--- EXERCISE ---
The span to copy runs from the line containing "Print Word Search Puzzle" to the last line below. Copy it exactly, with nothing else.

--- DATASET EXTRACT ---
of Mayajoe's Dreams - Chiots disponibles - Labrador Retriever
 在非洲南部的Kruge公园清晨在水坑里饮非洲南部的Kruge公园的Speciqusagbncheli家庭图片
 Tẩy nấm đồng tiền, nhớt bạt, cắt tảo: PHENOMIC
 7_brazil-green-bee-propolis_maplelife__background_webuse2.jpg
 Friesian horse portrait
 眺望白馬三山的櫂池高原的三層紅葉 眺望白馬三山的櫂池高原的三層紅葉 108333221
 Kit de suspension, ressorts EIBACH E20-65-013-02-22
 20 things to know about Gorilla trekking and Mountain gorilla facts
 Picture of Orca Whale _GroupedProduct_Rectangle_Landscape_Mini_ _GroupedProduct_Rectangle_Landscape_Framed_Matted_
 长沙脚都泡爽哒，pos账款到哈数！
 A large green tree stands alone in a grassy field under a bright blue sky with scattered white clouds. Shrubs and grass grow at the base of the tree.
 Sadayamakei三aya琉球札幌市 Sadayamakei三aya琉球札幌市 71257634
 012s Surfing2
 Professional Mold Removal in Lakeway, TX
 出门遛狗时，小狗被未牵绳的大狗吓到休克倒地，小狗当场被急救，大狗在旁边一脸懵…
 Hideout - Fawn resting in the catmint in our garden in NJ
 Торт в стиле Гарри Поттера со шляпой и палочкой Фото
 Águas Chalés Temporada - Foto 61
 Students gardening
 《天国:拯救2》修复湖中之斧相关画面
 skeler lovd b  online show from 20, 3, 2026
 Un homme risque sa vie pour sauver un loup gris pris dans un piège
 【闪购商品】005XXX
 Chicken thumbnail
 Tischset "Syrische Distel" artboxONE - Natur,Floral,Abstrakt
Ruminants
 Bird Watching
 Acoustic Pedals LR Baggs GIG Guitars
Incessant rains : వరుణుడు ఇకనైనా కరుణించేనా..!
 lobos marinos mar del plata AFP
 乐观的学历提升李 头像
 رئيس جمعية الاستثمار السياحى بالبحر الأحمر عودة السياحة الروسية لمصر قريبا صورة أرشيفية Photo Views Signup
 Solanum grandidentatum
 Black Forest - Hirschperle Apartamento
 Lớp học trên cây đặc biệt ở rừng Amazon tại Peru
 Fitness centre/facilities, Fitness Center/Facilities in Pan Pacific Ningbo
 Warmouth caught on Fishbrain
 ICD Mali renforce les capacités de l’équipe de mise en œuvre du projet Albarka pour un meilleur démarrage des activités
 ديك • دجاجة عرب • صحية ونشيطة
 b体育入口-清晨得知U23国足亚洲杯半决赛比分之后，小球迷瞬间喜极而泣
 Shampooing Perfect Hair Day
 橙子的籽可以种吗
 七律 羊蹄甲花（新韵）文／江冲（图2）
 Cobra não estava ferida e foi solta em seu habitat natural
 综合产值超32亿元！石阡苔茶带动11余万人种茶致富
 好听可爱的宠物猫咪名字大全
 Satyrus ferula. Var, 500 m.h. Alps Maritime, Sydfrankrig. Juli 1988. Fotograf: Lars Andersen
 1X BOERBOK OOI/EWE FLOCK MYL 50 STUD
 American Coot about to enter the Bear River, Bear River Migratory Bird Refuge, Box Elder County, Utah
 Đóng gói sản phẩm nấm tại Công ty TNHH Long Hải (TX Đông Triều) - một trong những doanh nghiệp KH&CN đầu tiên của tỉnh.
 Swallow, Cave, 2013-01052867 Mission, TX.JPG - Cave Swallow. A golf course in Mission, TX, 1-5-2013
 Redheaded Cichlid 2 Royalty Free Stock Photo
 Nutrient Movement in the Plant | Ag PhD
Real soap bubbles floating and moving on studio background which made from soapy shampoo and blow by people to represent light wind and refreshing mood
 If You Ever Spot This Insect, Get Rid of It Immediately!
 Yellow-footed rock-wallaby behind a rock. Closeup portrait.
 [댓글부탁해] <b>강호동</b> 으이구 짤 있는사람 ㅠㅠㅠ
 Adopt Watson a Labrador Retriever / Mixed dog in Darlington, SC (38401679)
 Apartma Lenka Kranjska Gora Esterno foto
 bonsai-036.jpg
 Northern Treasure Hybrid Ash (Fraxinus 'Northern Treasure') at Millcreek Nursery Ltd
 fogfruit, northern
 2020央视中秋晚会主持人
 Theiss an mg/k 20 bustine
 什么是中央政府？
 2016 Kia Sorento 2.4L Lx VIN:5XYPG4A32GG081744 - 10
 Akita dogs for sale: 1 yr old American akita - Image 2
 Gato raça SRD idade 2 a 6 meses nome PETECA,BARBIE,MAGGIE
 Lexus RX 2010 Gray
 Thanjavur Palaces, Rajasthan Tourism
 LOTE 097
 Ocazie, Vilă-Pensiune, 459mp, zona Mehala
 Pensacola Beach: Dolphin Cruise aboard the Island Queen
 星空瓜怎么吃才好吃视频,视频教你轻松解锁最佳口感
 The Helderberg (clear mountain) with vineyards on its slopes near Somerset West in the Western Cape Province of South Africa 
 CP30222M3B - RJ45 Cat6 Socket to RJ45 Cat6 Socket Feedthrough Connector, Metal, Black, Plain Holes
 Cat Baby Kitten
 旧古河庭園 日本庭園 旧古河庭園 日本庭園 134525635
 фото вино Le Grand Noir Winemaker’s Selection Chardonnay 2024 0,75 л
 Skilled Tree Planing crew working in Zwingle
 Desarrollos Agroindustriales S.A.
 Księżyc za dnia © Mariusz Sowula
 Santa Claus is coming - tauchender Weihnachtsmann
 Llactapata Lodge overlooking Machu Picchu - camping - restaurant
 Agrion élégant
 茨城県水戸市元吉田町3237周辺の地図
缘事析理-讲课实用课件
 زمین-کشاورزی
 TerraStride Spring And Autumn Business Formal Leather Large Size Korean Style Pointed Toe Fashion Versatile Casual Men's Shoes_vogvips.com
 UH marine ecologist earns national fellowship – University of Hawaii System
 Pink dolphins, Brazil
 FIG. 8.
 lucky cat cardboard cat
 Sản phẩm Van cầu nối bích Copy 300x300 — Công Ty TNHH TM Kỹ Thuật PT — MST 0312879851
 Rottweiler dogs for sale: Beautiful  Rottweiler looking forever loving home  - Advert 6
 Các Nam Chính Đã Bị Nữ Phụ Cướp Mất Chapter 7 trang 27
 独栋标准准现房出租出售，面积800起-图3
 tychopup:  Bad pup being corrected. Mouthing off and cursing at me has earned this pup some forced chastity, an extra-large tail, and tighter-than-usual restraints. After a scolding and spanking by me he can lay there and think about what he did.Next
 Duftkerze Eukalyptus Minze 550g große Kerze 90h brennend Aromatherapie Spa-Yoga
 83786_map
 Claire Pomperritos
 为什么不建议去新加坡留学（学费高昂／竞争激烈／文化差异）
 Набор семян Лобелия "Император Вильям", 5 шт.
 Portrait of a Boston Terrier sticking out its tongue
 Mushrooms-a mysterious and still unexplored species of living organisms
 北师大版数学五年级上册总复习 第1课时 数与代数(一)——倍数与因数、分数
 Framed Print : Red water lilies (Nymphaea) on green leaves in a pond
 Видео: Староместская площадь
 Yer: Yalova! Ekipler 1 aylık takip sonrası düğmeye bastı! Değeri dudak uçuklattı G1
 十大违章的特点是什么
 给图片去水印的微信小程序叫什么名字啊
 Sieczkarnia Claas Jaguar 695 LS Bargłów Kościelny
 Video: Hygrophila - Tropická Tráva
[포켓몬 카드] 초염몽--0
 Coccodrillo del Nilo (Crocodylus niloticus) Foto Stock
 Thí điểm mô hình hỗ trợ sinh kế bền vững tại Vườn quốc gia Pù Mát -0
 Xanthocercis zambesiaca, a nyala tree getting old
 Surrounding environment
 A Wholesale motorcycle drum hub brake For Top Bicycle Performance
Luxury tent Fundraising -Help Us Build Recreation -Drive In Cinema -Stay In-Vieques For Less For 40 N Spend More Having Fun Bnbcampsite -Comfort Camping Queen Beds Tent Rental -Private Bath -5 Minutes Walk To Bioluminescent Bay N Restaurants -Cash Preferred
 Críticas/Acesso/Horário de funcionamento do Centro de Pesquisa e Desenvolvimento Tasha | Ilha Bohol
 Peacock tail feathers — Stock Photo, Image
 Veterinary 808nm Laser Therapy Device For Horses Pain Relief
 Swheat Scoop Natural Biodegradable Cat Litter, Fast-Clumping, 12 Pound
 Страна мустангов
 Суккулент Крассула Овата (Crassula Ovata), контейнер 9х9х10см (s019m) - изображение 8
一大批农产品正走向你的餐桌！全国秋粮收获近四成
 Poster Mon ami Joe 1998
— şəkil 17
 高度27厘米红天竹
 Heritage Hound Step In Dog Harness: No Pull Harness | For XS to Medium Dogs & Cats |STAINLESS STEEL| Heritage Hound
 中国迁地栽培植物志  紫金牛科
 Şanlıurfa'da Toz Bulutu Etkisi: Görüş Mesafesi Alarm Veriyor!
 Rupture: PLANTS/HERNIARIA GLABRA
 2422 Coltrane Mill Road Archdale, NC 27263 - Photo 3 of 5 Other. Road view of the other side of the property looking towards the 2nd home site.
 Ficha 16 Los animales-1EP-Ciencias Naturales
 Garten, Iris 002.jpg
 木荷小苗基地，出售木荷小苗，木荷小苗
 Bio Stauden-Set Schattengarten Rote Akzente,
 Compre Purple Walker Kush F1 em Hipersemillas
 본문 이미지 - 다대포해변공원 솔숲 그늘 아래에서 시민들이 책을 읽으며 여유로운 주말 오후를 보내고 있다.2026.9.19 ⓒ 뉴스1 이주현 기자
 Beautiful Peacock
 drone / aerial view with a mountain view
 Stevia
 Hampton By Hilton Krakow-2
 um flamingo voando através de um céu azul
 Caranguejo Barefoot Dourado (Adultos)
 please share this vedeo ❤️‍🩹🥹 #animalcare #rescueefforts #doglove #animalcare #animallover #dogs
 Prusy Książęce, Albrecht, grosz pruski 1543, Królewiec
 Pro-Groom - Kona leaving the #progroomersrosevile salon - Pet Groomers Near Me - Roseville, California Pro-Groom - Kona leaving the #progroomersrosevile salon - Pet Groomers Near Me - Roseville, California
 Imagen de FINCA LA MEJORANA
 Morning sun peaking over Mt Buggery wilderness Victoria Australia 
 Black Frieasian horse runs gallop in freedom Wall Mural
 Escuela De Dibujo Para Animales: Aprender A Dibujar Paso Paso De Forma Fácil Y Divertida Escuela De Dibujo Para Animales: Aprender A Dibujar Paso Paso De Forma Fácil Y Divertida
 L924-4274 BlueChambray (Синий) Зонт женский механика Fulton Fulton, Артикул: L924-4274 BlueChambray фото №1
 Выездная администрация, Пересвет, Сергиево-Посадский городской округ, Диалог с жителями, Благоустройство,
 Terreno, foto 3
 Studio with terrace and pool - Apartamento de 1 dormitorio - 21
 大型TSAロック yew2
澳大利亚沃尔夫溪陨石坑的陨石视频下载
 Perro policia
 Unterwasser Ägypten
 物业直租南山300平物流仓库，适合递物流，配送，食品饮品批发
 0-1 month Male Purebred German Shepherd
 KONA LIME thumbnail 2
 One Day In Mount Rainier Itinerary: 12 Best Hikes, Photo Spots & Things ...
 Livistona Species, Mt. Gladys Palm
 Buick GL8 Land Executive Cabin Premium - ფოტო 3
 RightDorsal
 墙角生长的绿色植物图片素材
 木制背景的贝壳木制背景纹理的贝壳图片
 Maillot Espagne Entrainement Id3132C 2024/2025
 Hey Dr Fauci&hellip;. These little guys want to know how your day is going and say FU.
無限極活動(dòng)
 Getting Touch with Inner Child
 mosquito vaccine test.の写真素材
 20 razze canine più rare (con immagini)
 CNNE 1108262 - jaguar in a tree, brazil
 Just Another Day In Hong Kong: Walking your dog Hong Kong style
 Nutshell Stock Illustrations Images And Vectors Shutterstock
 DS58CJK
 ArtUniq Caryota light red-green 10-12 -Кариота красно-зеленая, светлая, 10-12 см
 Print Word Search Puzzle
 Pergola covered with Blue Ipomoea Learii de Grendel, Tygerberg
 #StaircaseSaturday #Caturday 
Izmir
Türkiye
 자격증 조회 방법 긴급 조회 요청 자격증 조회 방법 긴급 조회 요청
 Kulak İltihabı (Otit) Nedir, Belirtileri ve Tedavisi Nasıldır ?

--- OUTPUT BELOW ---
 Print Word Search Puzzle
 Pergola covered with Blue Ipomoea Learii de Grendel, Tygerberg
 #StaircaseSaturday #Caturday 
Izmir
Türkiye
 자격증 조회 방법 긴급 조회 요청 자격증 조회 방법 긴급 조회 요청
 Kulak İltihabı (Otit) Nedir, Belirtileri ve Tedavisi Nasıldır ?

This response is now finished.